Task instructions -> Your response must be made up of each line in the data below that contains the string "Chapter".

Data extract START

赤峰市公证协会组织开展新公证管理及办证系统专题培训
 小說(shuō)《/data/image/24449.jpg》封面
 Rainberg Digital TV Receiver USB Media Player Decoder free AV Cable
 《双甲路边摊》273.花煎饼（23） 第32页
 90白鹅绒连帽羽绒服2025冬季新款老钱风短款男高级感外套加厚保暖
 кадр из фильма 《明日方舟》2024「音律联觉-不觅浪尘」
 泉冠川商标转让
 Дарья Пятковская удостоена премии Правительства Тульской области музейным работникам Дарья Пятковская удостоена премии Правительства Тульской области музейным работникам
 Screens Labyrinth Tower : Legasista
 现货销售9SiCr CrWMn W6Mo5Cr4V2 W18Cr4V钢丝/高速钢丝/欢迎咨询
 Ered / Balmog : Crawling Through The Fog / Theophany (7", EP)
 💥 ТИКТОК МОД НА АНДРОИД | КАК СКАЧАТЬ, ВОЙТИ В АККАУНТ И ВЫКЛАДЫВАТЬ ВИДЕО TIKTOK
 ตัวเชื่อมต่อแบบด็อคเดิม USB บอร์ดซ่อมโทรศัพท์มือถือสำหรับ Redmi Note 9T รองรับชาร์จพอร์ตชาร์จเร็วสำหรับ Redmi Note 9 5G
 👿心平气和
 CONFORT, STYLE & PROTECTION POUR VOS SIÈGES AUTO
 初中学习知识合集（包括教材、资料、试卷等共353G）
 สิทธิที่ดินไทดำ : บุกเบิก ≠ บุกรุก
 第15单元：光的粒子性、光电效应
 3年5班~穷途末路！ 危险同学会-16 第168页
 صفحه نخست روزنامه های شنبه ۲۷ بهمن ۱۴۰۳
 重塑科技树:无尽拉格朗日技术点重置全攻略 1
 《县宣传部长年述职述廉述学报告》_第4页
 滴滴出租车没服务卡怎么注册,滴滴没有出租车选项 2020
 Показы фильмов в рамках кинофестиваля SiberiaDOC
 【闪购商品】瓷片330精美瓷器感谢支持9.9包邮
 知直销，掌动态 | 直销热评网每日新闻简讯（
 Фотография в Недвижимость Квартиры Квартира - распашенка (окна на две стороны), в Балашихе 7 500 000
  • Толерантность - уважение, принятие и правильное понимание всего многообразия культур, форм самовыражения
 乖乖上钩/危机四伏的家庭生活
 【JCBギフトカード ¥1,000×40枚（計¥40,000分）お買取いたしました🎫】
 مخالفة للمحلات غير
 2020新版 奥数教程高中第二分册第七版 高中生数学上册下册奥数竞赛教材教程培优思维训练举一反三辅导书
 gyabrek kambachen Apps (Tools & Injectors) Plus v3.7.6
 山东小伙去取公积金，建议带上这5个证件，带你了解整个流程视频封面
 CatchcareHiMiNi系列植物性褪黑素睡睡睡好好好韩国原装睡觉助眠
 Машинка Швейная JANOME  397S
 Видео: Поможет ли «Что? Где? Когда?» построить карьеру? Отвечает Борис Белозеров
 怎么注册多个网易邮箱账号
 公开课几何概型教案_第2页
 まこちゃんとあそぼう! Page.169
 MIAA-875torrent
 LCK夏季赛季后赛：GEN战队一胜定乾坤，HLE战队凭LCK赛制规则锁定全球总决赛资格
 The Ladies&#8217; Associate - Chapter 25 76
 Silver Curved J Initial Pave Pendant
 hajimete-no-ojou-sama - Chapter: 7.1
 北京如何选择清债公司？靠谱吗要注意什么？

Data extract END

Task answer ->
 The Ladies&#8217; Associate - Chapter 25 76
 hajimete-no-ojou-sama - Chapter: 7.1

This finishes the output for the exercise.